Next, let's set the baud rate. The baud rate is the number of bits transmitted per second on the signal line. Each character is framed with a start bit at the beginning and a stop bit (which is 1 in this case) at the end. Therefore, for 8n1 framing, transmitting one character (8 bits) requires 10 bits total. About 80% of the transmitted bits represent actual data. The maximum stable baud rate is said to be 115200, so Ymir will use this value.

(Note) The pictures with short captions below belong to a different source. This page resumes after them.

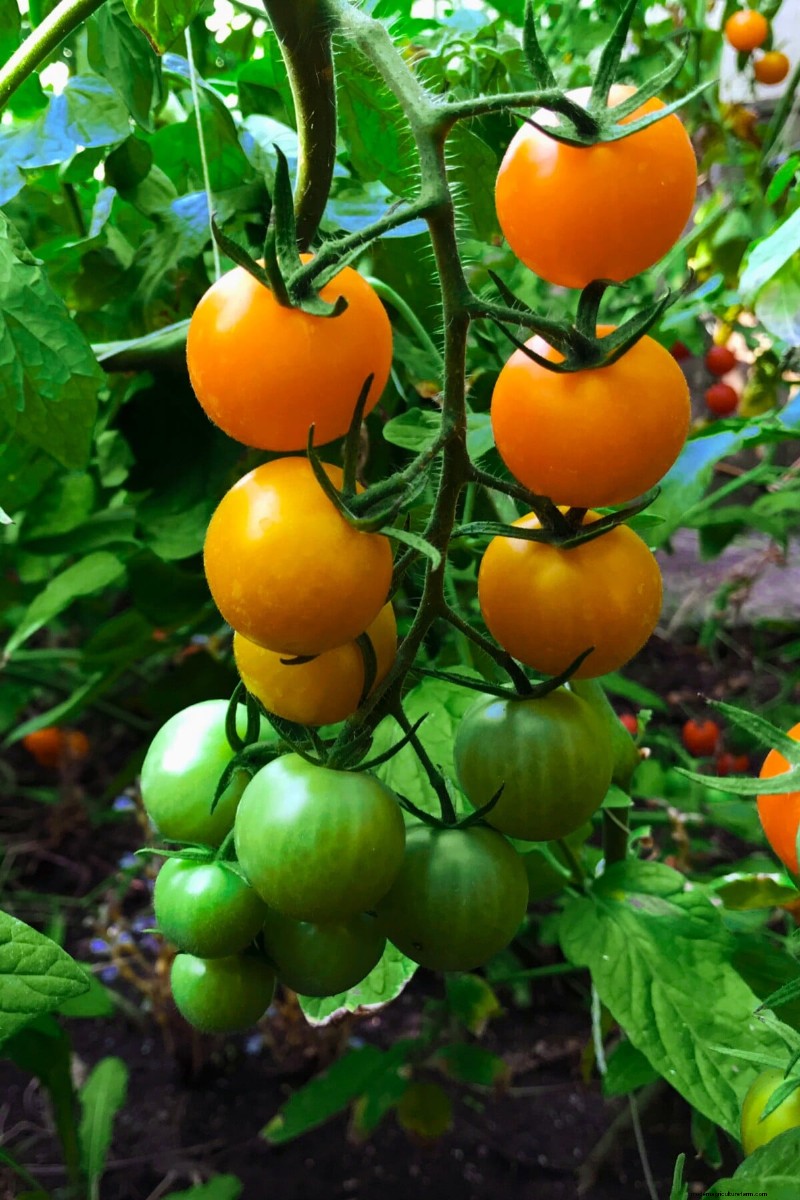 Long-Term Harvests: 14 Perennial Vegetables for a Sustainable Garden
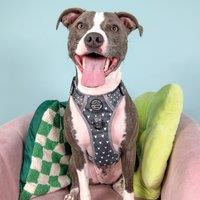 Blackjack Adjustable Dog Harness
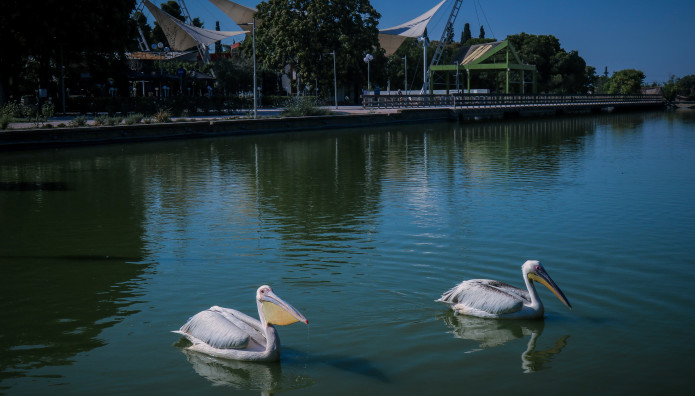 Ζευγάρι  Ροδοπελεκάνων  Εμφανίστηκαν Στο Πάρκο Τρίτση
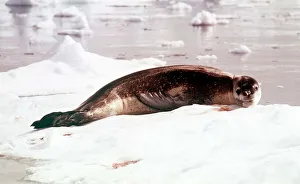 Animals Antartic Argentine IS Leopard Seal March 1975 Hydruga Leptonyx Animals Antartic Argentine IS Leopard Seal March 1975 Hydruga Leptonyx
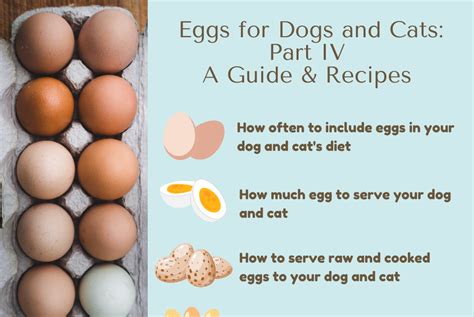 Are egg whites good for pets?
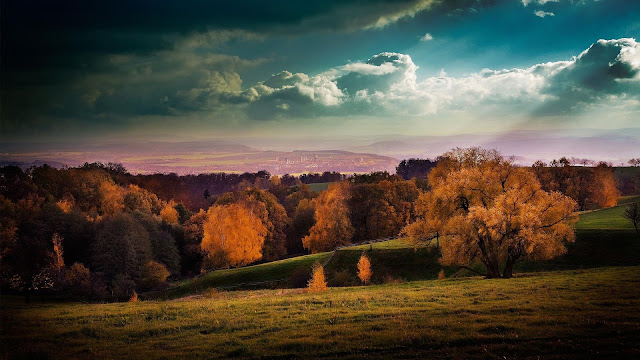 Autumn Landscape View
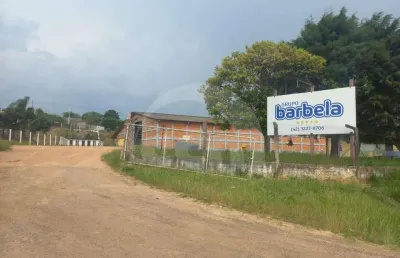 Comercial para aluguel, 20 vagas, boa vista - ponta grossa/pr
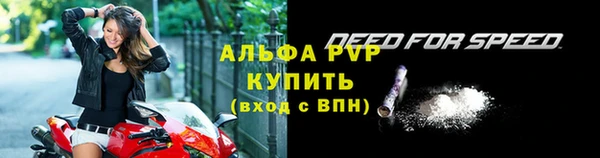 тгк Лагань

UART operates with a clock of 115200 ticks per second. UEFI calculates the baud rate by dividing this clock frequency by a value called the divisor:

\[ \text{Baud Rate} = \frac{115200} { \text{Divisor} } \]

Therefore, if you want to set the baud rate to \(\text{B}\), you calculate the divisor as follows:

\[ \text{Divisor} = \frac{115200} { \text{B} } \]

Set the baud rate as follows:

{
    ...
    const divisor = 115200 / baud;
    const c = am.inb(p + offsets.lcr);
    am.outb(c | 0b1000_0000, p + offsets.lcr); // Enable DLAB
    am.outb(@truncate(divisor & 0xFF), p + offsets.dll);
    am.outb(@truncate((divisor >> 8) & 0xFF), p + offsets.dlh);
    am.outb(c & 0b0111_1111, p + offsets.lcr); // Disable DLAB
}

Setting the DLAB: Divisor Latch Access Bit in the LCR enables access to the DLL: Divisor Latch Low and DLH: Divisor Latch High registers. After setting DLAB, write the lower and upper bytes of the computed divisor to DLL and DLH respectively. The variable c holds the original LCR value before DLAB was set, and is used to restore LCR after the divisor has been configured.

Writing Characters

Next, let's try writing some characters to the initialized serial port.

To write to the serial port, you need to wait until the TX-buffer becomes empty. You can check this by examining the THRE: Transmitter Holding Register Empty bit in the LSR: Line Status Register. If it's not empty, wait until it is:

const bits = ymir.bits;

pub fn writeByte(byte: u8, port: Ports) void {
    // Wait until the transmitter holding buffer is empty
    while ((am.inb(@intFromEnum(port) + offsets.lsr) & 0b0010_0000) == 0) {
        am.relax();
    }

    // Put char into the transmitter holding buffer
    am.outb(byte, @intFromEnum(port));
}

Since LSR[5] corresponds to THRE, we wait until this bit is set - meaning the TX-buffer is empty. The am.relax() function issues a rep; nop instruction, which is used here to slightly relax the CPU during the wait.

Once the TX-buffer is empty, we write the given byte to the COM port. Since offset 0 from the COM port base corresponds to the TX-buffer, we can write directly using am.outb(byte, @intFromEnum(port)).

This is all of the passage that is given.